Assignment = In the records below, the line with "Poster photo Scarlet Ibis Bird (Devant)" and every line after it must be written out exactly; no pictures belong in the result.

Input =
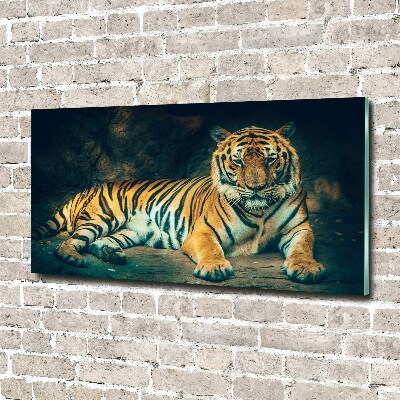 Foto glasbild Tiger in der Höhle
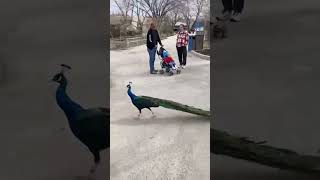 Peacocks Return to the Wilder Institute/Calgary Zoo Grounds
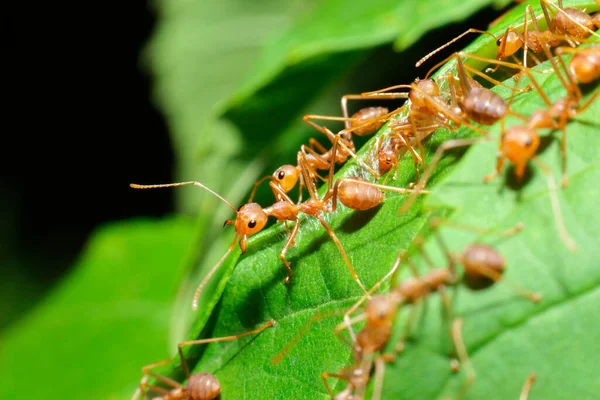 Ameisenaktion Macht Nest Ameisenbrücke Einheit Team Konzept Team Arbeiten Zusammen — Stockfoto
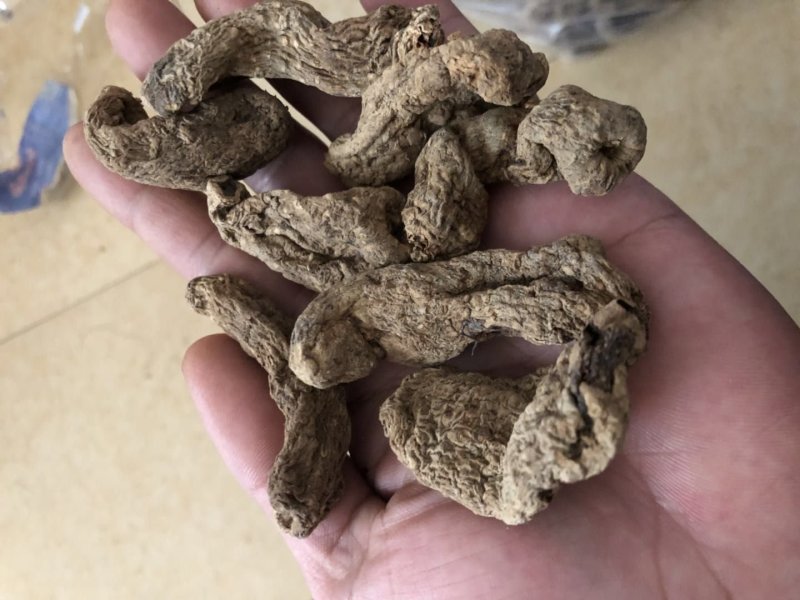纯野生昭通小草呗天麻云南丽江野生红天麻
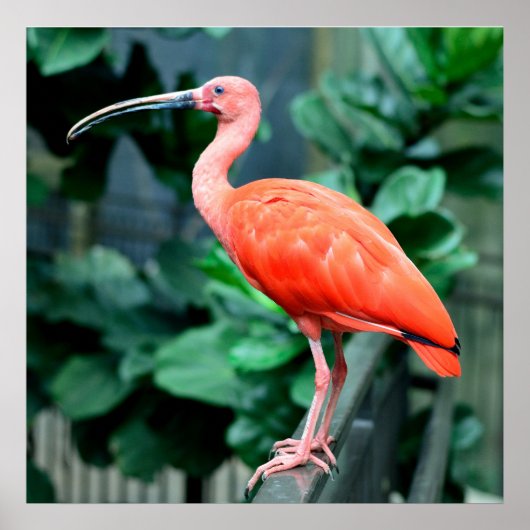 Poster photo Scarlet Ibis Bird (Devant)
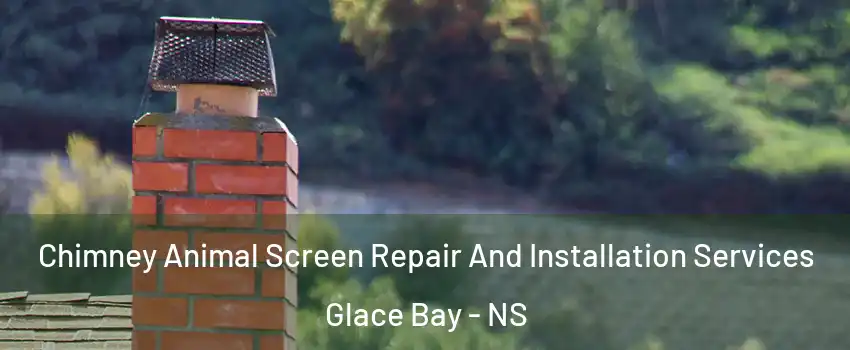  Chimney Animal Screen Repair And Installation Services Glace Bay - NS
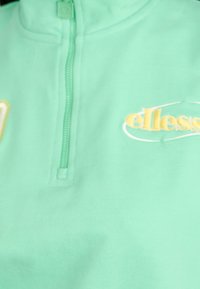 Pullover in pile verde chiaro con zip a un quarto. Presenta un logo ricamato giallo e un tessuto testurizzato. Design casual.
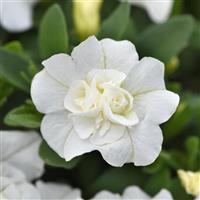 MiniFamous<sup>®</sup> Evo Double White 27 Calibrachoa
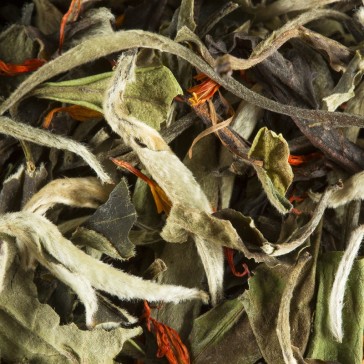 Thé Blanc Poire Marron Glacé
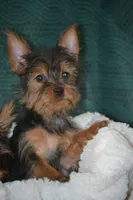 Matilda, a female Yorkshire Terrier for sale in Kalona, IA – Photo 1 of 4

Answer box =
 Poster photo Scarlet Ibis Bird (Devant)
  Chimney Animal Screen Repair And Installation Services Glace Bay - NS
 Pullover in pile verde chiaro con zip a un quarto. Presenta un logo ricamato giallo e un tessuto testurizzato. Design casual.
 MiniFamous<sup>®</sup> Evo Double White 27 Calibrachoa
 Thé Blanc Poire Marron Glacé
 Matilda, a female Yorkshire Terrier for sale in Kalona, IA – Photo 1 of 4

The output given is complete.